【JH214】鎌倉新仏教
■原典
・歎異抄(悪人正機説)
・正法眼蔵随聞記(只管打坐)
・愚管抄
・一枚起請文(専修念仏)
■史料
① 悪人正機説〔歎異抄〕
一、「善人(1)なをもちて往生をとぐ、いはんや悪人(2)をや。しかるを、世のひとつねにいはく、『悪人なを往生す、いかにいはんや善人をや』と。この条、一旦そのいはれあるににたれども、本願他力の意趣にそむけり。そのゆへは、自力作善(3)の人は、ひとへに他力(4)をたのむこころかけたるあひだ、弥陀の本願(5)にあらず。しかれども、自力のこころをひるがへして、他力をたのみたてまつれば、真実報土の往生をとぐるなり。

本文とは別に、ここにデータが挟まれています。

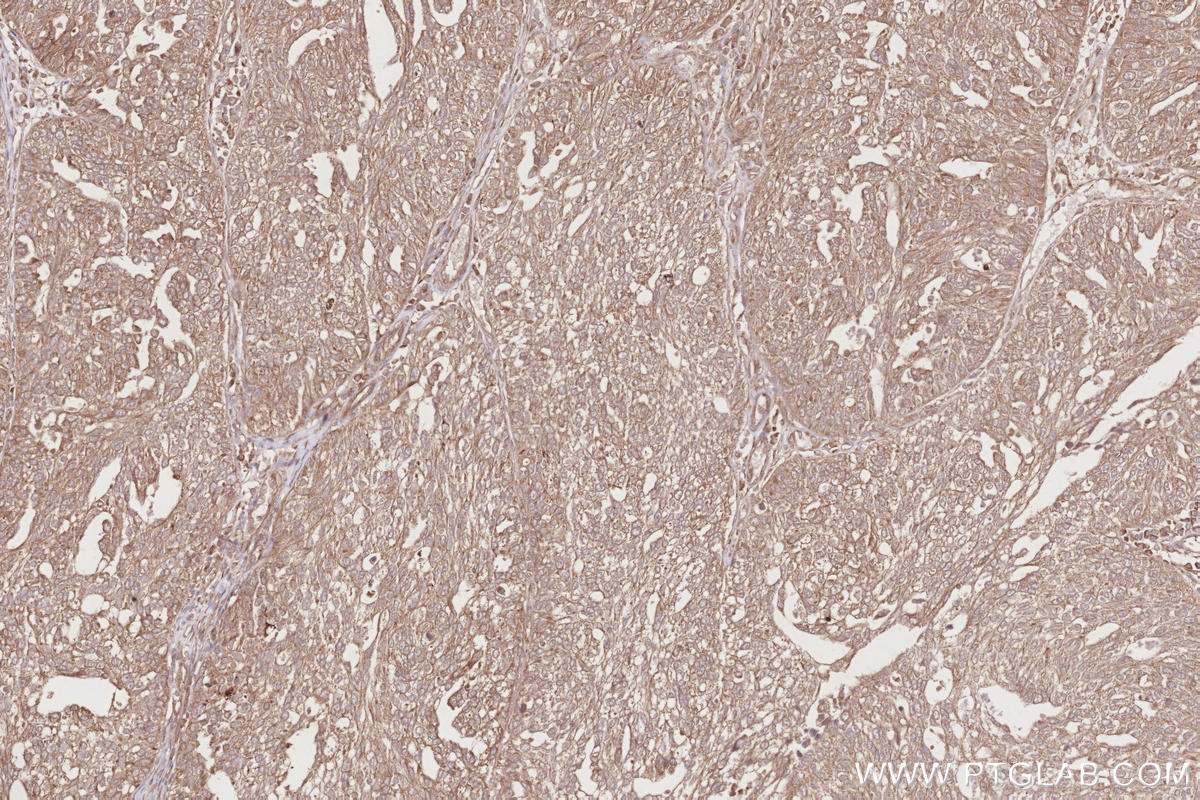 Immunohistochemistry (IHC) staining of human ovary cancer tissue using VPS15 Polyclonal antibody (17894-1-AP)
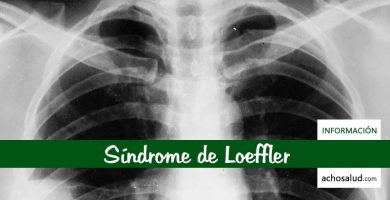 Síndrome de Loeffler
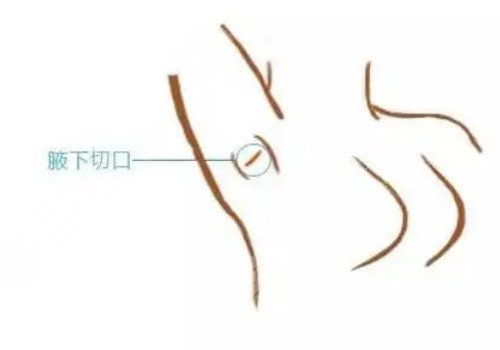 隆胸腋下切口的优势和缺点有哪些?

煩悩具足(6)のわれらは、いづれの行にても生死をはなるることあるべからざるを哀たまひて、願をおこしたまふ本意、悪人成仏のためなれば、他力をたのみたてまつる悪人、もとも往生の正因(7)なり。よりて善人だにこそ往生すれ、まして悪人は」と仰さふらひき。
② 只管打坐〔正法眼蔵随聞記〕
一日弉問云、叢林(8)ノ勤学(9)ノ行履(10)ト云ハ如何。
示云、只管打坐(11)也。或ハ閣上、或ハ楼下ニシテ、常坐ヲイトナム。人ニ交リ物語ヲセズ、…常ニ独坐ヲ好ム也。
③ 愚管抄〔愚管抄〕
年ニソヘ日ニソヘテハ、物ノ道理(12)ヲノミ思ツヅケテ、老ノネザメヲモナグサメツツ、イトド、年モカタブキマカル(13)ママニ、世中モヒサシクミテ侍レバ、昔ヨリウツリマカル道理モアハレ(14)ニオボエテ、神ノ御代ハシラズ、人代トナリテ神武天皇ノ御後、百王トキコユル、スデニノコリスクナク、八十四代ニモ成ニケルナカニ、保元ノ乱イデキテノチノコトモ、マタ世継ガモノガタリト申モノモカキツギタル人ナシ。…世ノ道理ノウツリユク事ヲタテムニハ、一切ノ法ハタダ道理ト云二文字ガモツナリ。其ノ外ニハナニモナキ也。
④ 専修念仏〔一枚起請文〕
もろこし我朝もろもろの智者たちの沙汰し申さるる観念の念にもあらず、また学問をして念の心をさとりて申す念仏にもあらず、ただ往生極楽のためには南無阿弥陀仏と申せば、うたがひなく往生するぞと思とりて申外には別の子細候はず。
■注釈
(1)造寺や造仏、写経などの仏教的な善を行い、慈悲の心を持つ仏のような人のこと。
(2)善行をすることができない、煩悩の深い人のこと。
(3)自分の力で往生の正しい条件である善行をすること。 (4)「阿弥陀仏の本願」の意。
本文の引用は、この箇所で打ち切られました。